Memory vs. Moment: Scattered Musings on Social Media and Smartphones
Memory vs
moment: legacy vs life. We can choose to spend our mortal lives striving to solidify
the wise fading whispers we leave behind in death.
Social media
brings us closer together. Sometimes true, often debatable. What is without
debate, however, is its power to remove time and space, allowing us to
communicate irrespective of distance, from almost any place on the planet to
another. This means that with great battery life and a strong signal we can
stay connected with our online communities, whilst alone, in the middle of
nowhere. But we live and breathe time and space, so it needn't be replaced in
all cases.
We can
become so absorbed by social media sites; sucked in by screens of increasing
size, that we wholly forget our surroundings. Our real world becomes the
T.A.R.D.I.S -like, paradoxical light that flutters back and forth, and left and
right from the little windows of our phone screens, pecking dreams and dropping
seeds. And before we know it, we become needy, and clutch our phones greedily
with our hands to our chests and with our eyes to our minds.
Sometimes
we need numinosity to survive; sometimes, it’s good to know we’re just a drop
in the ocean. It creates the curiosity to experience and travel, to try to
unravel all that there is that we don’t know or understand. But now the oceans
can be pooled in the palms of our hands, along with the sun-drenched sands of
distant lands that used to sit, quenched and wave-kissed. Now digitalized and
confined by ergonomic design, we can fit all this inside plastic, pixels and light
waves. We turn a bright day’s sun rays into frown-prompting glare, or, with
some appreciation, into the pallid reflection of a snapped imitation of ‘the
moment’, and where we see fit, filter it for Instagram, so someone can ‘like’ it,
and then comment: “great pic, man”.
All this
held in our hands. And so now that’s where we search and strive and live, in a
hand book. But only when we use it to guide us and not to define us, are we
unlocking its positive potential. What good is a stencil if not for the pencil
to fill it in? Is the preservation of memory worth disrupting the moment? I
suppose sometimes it is, and I suppose sometimes the taking of a photo is a
lovely memory in itself, but surely it cannot complement every situation.

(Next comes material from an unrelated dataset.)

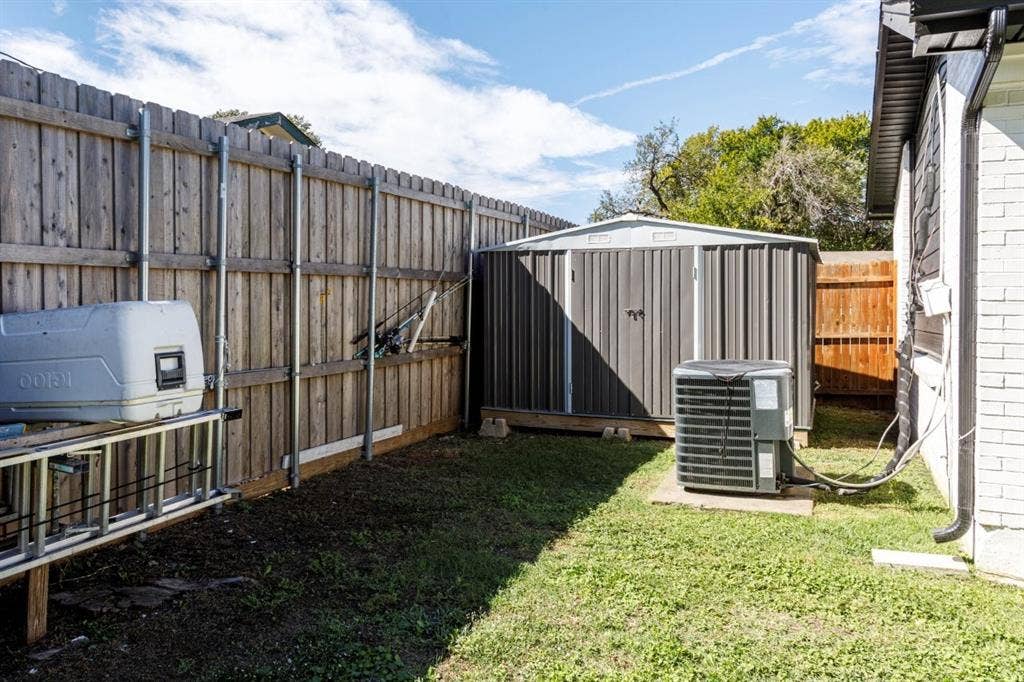 Exterior side yard featuring a wood privacy fence, a metal storage shed, and an HVAC condenser unit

Social media and smartphones present us with a choice between memory and moment. I know this may
seem simplistic, and I acknowledge that social media and smartphones do have so many practical
purposes; of course it is great thing to be able to freely communicate. The
ability to record, capture and store our sights and thoughts can be brilliantly
useful. Technology has allowed us to breathe new life into the way we preserve our
memories. But no one has given us a user guide, we are the first of our kind,
and so it is necessary to shine a light on the implications of this new global behaviour,
just in case, without realizing it, we are compromising something we hadn't even considered. Maybe the glow of a blurred memory is sometimes more beautiful,
in all its fuzziness and forgetfulness, than the pimple precision of HD. Not always,
but sometimes.
I do truly
look forward to the day in my old age where I scroll all the way back to my
Facebook birth, enjoy the day to day conversations of my youth, and relish the
atmosphere of my formative years. But this begs another question; can you
die of nostalgia? Will it be too much?
It makes me
think of long running TV shows and the way we can literally see the actors
aging season to season. Now as much as these age comparisons aid the content of
Buzz Feed, just imagine how it would feel to have that amount of access to
hours and hours of footage of your younger self. I’m sure re-runs must have
brought some to tears-the bitter sweet kind.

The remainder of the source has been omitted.